[seed] Reproducible media seeding — photos / songs / videos files + copy-step + runbook §7.3 #48

Open
opened 2026-04-30 16:30:50 +00:00 by mik-tf · 0 comments
Owner

Goal

Make the demo media (photos, songs, videos) reproducible from this repo. Today the herodemo VM has photos / songs / videos seeded somehow (probably from a backup tarball or a one-off SCP), but a fresh deploy following docs/ops/DEPLOYMENT.md produces empty Library archipelagos.

Current gap

Asset In repo today On herodemo today Reproducible from a fresh deploy?
data/media/photos/photo_NN.jpg ✓ jpgs present (state currently unknown — Photos UI shows empty during Apr 30 session) ✗ no copy-step from data/media/ to ~/hero/var/hero_foundry/webdav/<ctx>/Photos/
data/media/songs/clip_*.ogg ✓ oggs present ? ✗ same — no copy-step
data/media/videos/*.mp4 ✗ directory does not exist ✓ Big Buck Bunny, Sintel, Tears of Steel mp4 in webdav/{root,default,geomind,incubaid}/Videos/ ✗ no source files in repo, no copy-step

data/seed/seed_install.sh only handles Office-doc generation + libraries.txt for hero_books today.

Acceptance criteria

  • Add data/media/videos/ with one or more trimmed sample mp4s (~5-10 MB each is fine).
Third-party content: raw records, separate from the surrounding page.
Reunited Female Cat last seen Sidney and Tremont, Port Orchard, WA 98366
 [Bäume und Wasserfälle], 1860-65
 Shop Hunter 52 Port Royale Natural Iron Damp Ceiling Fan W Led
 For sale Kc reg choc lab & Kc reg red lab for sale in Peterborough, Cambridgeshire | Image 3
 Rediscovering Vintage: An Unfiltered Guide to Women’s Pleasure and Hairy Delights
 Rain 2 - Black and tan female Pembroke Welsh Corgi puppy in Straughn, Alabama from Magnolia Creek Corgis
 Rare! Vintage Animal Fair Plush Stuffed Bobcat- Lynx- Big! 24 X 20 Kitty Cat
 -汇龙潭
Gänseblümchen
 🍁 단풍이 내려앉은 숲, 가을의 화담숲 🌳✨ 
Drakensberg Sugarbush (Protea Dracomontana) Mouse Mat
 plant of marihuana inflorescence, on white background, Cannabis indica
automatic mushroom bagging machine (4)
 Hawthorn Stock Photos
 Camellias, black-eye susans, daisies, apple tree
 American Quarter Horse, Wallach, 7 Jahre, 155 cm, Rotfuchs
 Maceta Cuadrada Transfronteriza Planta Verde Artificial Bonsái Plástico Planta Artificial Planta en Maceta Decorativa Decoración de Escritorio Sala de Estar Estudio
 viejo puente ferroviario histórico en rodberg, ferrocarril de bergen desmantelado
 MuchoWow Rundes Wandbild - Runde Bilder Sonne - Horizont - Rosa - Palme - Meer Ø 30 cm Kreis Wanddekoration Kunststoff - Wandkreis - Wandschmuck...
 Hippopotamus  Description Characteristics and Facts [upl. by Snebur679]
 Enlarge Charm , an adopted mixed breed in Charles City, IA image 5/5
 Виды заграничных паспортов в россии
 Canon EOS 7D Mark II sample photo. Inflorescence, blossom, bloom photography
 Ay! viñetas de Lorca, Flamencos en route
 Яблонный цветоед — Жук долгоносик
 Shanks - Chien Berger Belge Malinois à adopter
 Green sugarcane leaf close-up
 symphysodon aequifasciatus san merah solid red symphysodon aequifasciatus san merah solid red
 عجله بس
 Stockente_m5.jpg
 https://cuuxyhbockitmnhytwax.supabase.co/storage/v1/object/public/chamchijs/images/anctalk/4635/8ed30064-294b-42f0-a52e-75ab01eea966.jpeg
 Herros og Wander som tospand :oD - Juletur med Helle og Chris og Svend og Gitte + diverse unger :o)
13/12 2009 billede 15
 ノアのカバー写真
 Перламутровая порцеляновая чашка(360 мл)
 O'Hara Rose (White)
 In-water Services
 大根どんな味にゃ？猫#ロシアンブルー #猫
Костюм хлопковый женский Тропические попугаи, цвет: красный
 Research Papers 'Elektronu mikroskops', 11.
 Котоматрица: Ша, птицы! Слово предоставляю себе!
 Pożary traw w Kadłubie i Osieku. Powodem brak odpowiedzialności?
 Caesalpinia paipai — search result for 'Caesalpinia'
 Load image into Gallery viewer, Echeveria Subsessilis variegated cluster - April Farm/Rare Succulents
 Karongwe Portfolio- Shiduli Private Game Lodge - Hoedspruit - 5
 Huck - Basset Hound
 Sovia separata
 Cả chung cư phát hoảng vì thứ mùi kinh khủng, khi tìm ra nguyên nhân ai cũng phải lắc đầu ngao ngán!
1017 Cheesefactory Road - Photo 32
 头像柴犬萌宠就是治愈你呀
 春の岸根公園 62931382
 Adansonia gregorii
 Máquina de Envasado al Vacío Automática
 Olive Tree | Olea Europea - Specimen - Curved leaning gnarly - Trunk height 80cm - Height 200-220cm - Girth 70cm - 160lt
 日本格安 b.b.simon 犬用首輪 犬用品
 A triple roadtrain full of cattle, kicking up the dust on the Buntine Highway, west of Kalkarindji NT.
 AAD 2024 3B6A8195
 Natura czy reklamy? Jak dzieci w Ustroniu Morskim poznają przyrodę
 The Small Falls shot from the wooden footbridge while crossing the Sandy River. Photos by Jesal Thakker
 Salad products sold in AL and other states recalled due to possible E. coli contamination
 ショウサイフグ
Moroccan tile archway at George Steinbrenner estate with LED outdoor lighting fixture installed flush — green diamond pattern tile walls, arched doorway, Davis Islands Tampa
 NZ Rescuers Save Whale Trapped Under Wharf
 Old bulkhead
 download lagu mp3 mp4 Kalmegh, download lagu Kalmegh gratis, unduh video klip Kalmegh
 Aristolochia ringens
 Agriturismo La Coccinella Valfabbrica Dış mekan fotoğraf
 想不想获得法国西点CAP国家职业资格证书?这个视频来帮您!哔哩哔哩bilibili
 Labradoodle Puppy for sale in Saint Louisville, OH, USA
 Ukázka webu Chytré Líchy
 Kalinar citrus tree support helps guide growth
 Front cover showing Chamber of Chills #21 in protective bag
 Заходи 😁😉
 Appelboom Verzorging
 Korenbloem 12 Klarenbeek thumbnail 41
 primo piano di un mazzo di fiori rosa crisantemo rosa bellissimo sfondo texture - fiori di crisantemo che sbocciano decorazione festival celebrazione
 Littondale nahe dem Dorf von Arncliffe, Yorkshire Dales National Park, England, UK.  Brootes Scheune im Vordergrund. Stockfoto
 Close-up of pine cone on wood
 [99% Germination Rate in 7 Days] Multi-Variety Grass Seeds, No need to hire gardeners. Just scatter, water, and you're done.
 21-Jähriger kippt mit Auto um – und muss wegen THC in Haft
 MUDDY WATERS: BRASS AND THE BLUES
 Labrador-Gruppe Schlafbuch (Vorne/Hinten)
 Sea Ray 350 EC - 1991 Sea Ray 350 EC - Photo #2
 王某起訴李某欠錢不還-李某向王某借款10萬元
Two acceptable approaches — pick one:
    • (a) Commit a couple of small CC-licensed clips directly (e.g. trim Big Buck Bunny down to 30 sec).
    • (b) data/media/videos/MANIFEST.txt listing one entry per file with <filename> <sha256> <download-url>. Commit nothing else; let seed_install.sh download and verify on first run.
  • Extend data/seed/seed_install.sh with a seed_media sub-routine that:
    • Reads a list of contexts to seed (default: default, plus any caller-supplied list)
    • For each context, copies data/media/photos/*.jpg~/hero/var/hero_foundry/webdav/<ctx>/Photos/
    • Same for data/media/songs/*.oggwebdav/<ctx>/Songs/ (or Music/, whatever the archipelago expects — verify against current foundry layout)
    • Same for data/media/videos/*.mp4webdav/<ctx>/Videos/
    • Idempotent — re-running refreshes / overwrites; never deletes user-uploaded files
  • Update runbook §7 with a §7.3 Media seeding subsection documenting:
    • Where files live in repo
    • Where they land on disk
    • Which service serves them (hero_foundry)
    • How to add more samples
    • How to seed for additional contexts beyond default
  • Idempotence verified: run seed_install.sh twice on a fresh VM — second run is a no-op.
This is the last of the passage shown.